Beginning in 1819, maps began showing two rivers that arose from the Great Salt Lake and Sevier Lake. The northerly one was that which connected Miera's outlet from the Great Salt Lake to the Sacramento River and was referred to as the "Timpanogos River". In 1822, Henry Tanner posited another outlet from the Great Salt Lake, the "Los Mongos" River that was the source of the Rogue River (Oregon). In 1825, Jedediah Smith, explored areas the north of the GSL, but did not find the Los Mongos. He sent more men to float around the shoreline to the west and south, and they were unsuccessful in finding "R. Timpanogos". However, this information was delayed in reaching cartographers, and in 1836 Tanner repeated the depictions of the three rivers, except he identified the "R. Timpanogos" as "R. S. Sacramento ou (or) Timpanogos".[11] So, when, in 1841, John Bidwell embarked over the Rocky Mountains to California, he was advised to take carpenters tools with them, to build canoes and sail from the GSL to the Pacific.[12]
There had long been a hope that a river flowing west from the Rocky Mountains to the Pacific Ocean would provide an easy route for travel and trade. This dream was the descendant of the long sought Northwest Passage.
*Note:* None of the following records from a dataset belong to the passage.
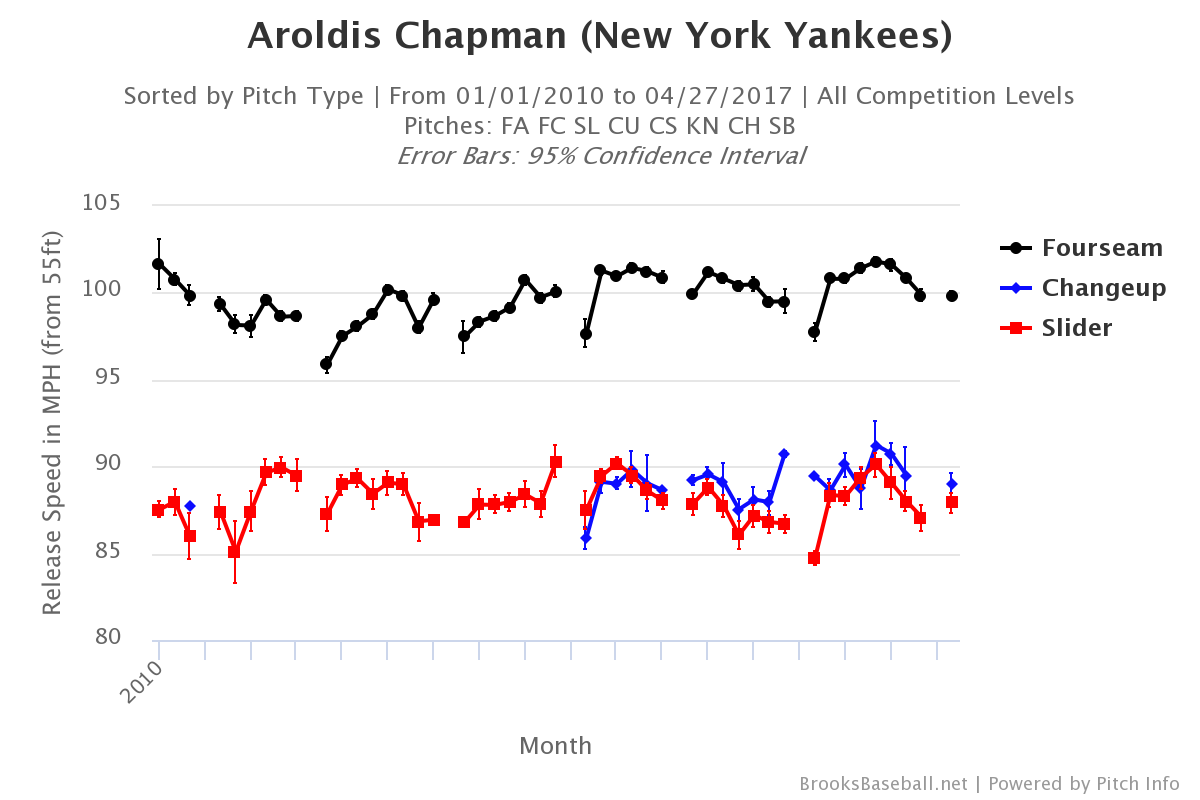 aroldis-chapman-velocity-by-month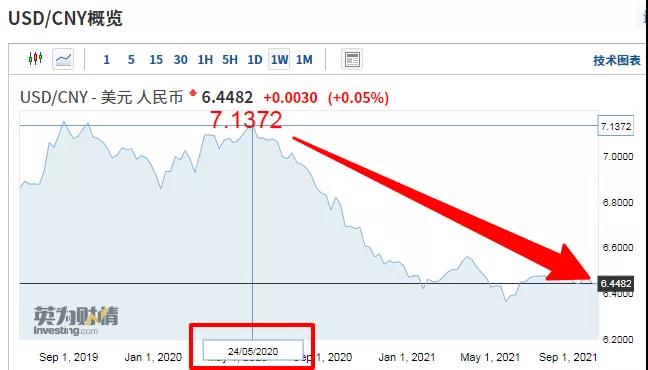 歐元匯率一瀉千里！做歐洲市場的外貿(mào)人，結(jié)匯了嗎？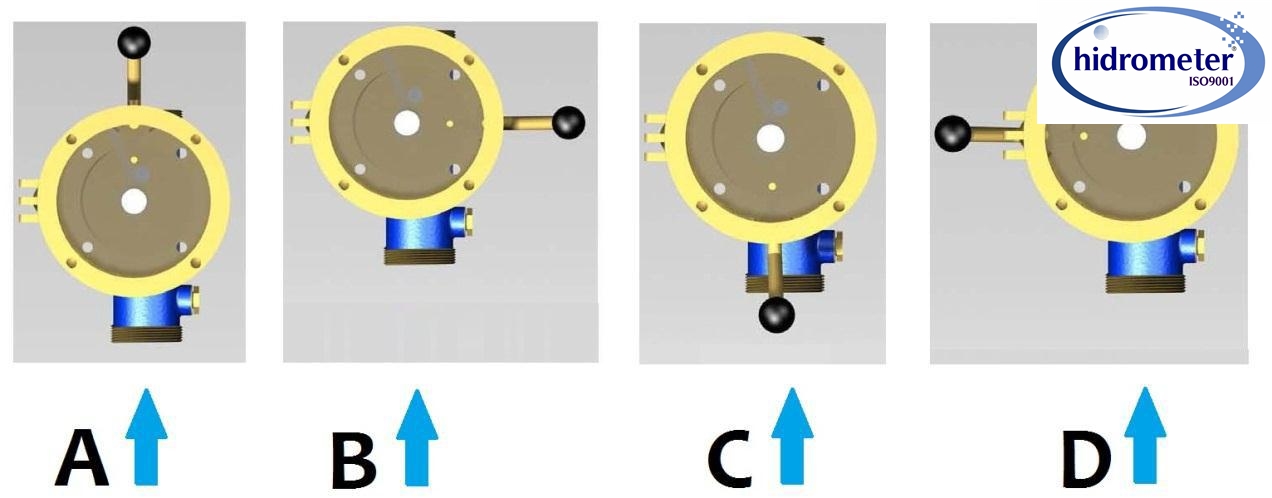 buy Manual batch control water meter manufacturer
When Francisco Garcés drew his maps of Alta California, he did not understand the nature of the Sierra Nevada, and he drew the "San Felipe" or San Joaquin River originating beyond the Sierras in the Great Basin and flowing to the Pacific Ocean, in or near San Francisco Bay. Then, when Manuel Augustin Mascaro and Miguel Constanso made the first map of the whole Viceroyalty of New Spain (1784), they extended the "San Felipe" almost to the Sevier Lake.[13] A similar map was published in 1820 by Sidney E. Morse showing the Rio de San Buenaventura flowing into a lake, the western limits of which are unknown.[14] This map shows the "Supposed river between the Buenaventura and the Bay of Francisco, which will probably be the communication between the Atlantic and the Pacific" toward this lake, but quite not connecting with it. A map by J. Finlayson (1822) shows a Rio de S. Buenaventura originating near the " source of the Rio Colorado" and emptying into a salt lake the western limits of which "are unknown". This same map indicates that an uncharted Rio de San Filipe crosses a range of mountains at 122 degrees west longitude.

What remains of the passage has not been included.